Bloedstollend is de verkrachting van Michèle, hoofdpersoon in de film Elle van Paul Verhoeven, waarna een spannend kat-en-muisspel ontstaat tussen dader en slachtoffer. De film – Nederlandse première 2 juni – liep in Cannes een Gouden Palm mis en is het tegelijk alleszins waard om te zien. De in Frankrijk gedraaide film naar het boek Oh… van Philipe Dijan lijkt soms een kruising tussen een thriller en een streekroman – want zonder traagheid geen vaart en omgekeerd. Opvallend zijn de complexe onderlinge relaties van de karakters. Het is wat je je overal voorstelt en zeker bij het liefdesland bij uitstek: partners feesten met elkaar, haten elkaar en houden van elkaar en ze hebben geheimen voor elkaar. Ze gaan vreemd en werken tegelijk samen in buurtverbanden. Zelfs de participatiesamenleving met het idee van samen de buurt heel, schoon en veilig houden, komt in de thriller voor. Daardoor lijkt de film soms heel even een streekroman, zonder overigens te vervelen, want je weet meer over de omgeving van de karakters.
En dan is daar weer het bloedstollend moment van spanning met de actie. Verhoeven zegt daarover zelf in de filmdocumentatie dat hij juist het geweld van de verkrachtingsscènes zo expliciet mogelijk wilde brengen, als zwarte gaten in de film. “Anders zou het oneerlijk zijn.” De verschillen in toon en kleur en geluid komen naar zijn zeggen van zijn voorliefde voor het werk van Mondriaan, waar zwarte lijnen vaak ook blauwe en rode vlakken doorsnijden. Het is een beproefd recept dat Verhoeven eerder toepaste in Robocop. Daarin liet hij nieuwsberichten en fake-commercials het verhaal afwisselen.
Deze film is de eerste Franse film voor Verhoeven. Aanvankelijk werd er aan gedacht om een Amerikaanse film te draaien in Boston of Chicago.
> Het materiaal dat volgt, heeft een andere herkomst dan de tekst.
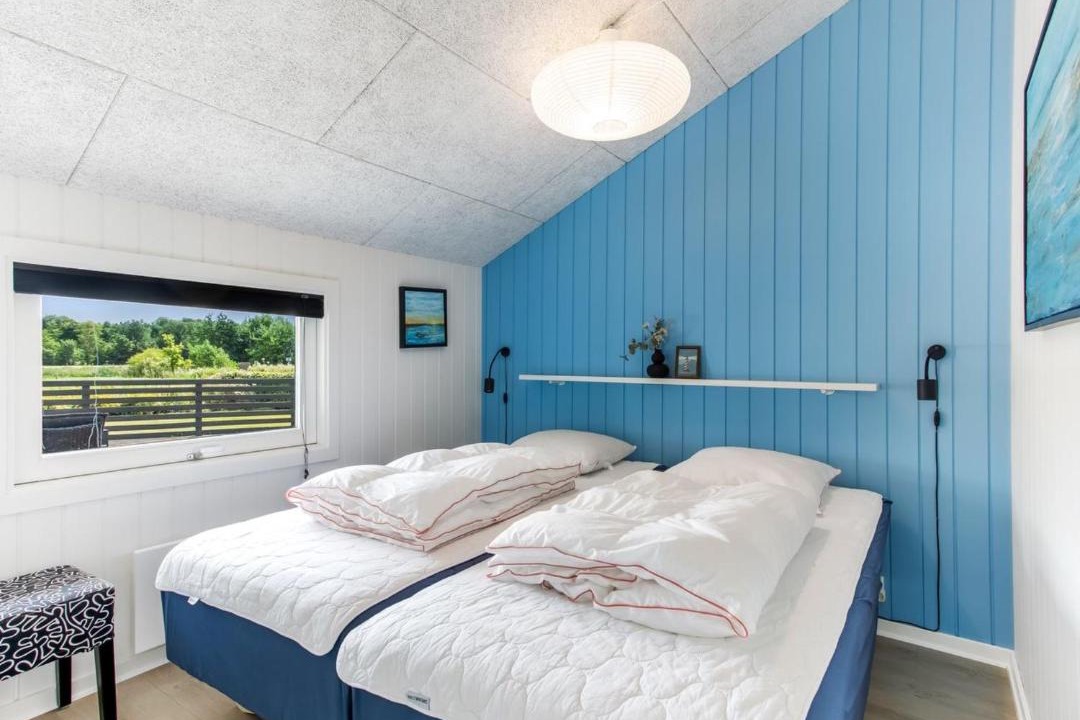 Photo of Bedroom in Grønninghoved Strand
Voor Frankrijk werd uiteindelijk gekozen, omdat Verhoeven en zijn producer Said Ben Said het idee hadden dat geen Amerikaanse actrice de rol van de agressieve en bij vlagen amorele Michele zou durven spelen. Bovendien: de novelle van Dijan was ook Frans. Door in Frankrijk te filmen, blijft het ook dichter bij het boek. De overgang van de VS naar Frankrijk deed Verhoeven trouwens denken aan de overstap van Nederland naar de VS. Het bezorgde hem dezelfde soort hoofdpijn. Letterlijk. Die over was op het moment dat hij in Parijs arriveerde, zegt hij in de filmdocumentatie.
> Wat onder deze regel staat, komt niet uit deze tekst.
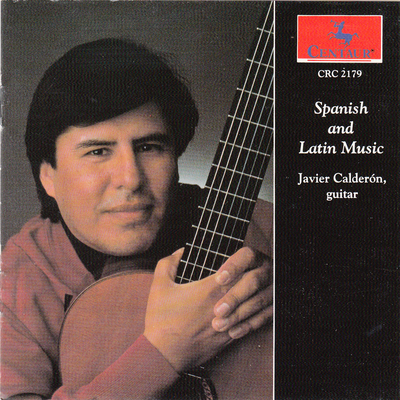 Spanish & Latin Music's cover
In Elle schittert Paul Verhoeven in de kunst van het weglaten. Zo krijg je wel een beeld van Michèle en de mensen om haar heen maar krijg je niet het volledige beeld, de vrouw blijft een mysterie, dat door Isabelle Huppert wordt afgepeld tot het hoognodige. Volgens Huppert kan je niet alles laten zien, omdat dat ten koste zou gaan van de vaart van de film. Maar Verhoeven heeft nog een structurelere reden om niet alles te willen verklaren: verklaring en rechtvaardiging moet het publiek zelf vinden, meent hij.
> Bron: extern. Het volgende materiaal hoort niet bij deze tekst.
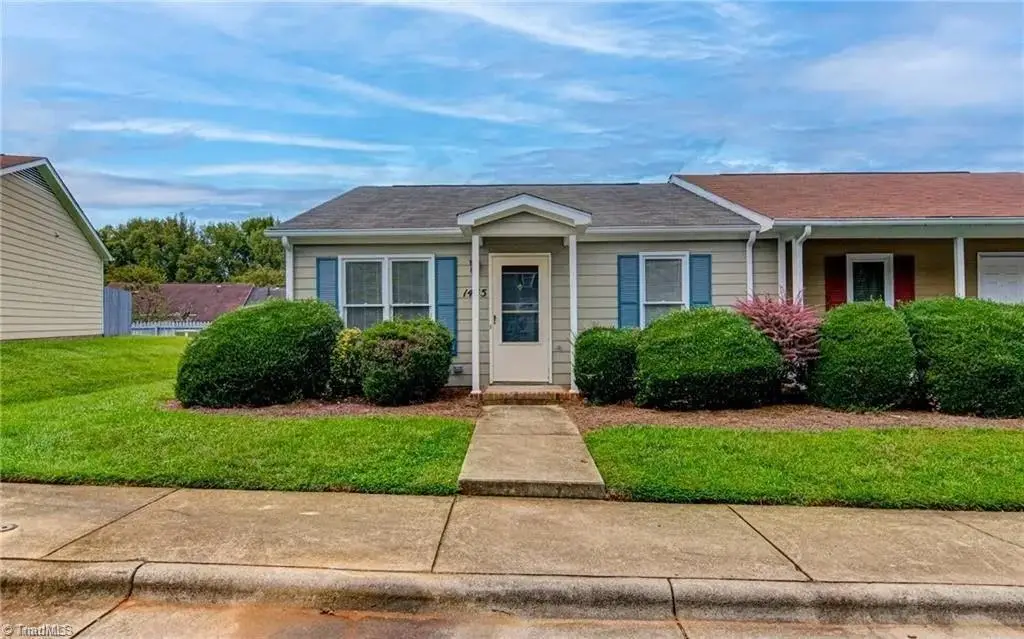 1445 Bailey Circle, High Point, NC 27262 - Image #1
De film is het waard om te zien, vanwege de vaart, de actie het voorstelbare (hoeveel vrouwen doen geen aangifte van verkrachting) en het onvoorstelbare (hoe dicht durf je bij je verkrachter te komen). Aan het eind komt een deel van de cast weer bij elkaar en komt de streekroman even terug. Maar dat stoort niet. De aanvankelijk geschoten afscheidskus is weggelaten. Terecht. Met de kunst van het weglaten tonen Paul Verhoeven en de cast zich deze indrukwekkende film absolute meesters.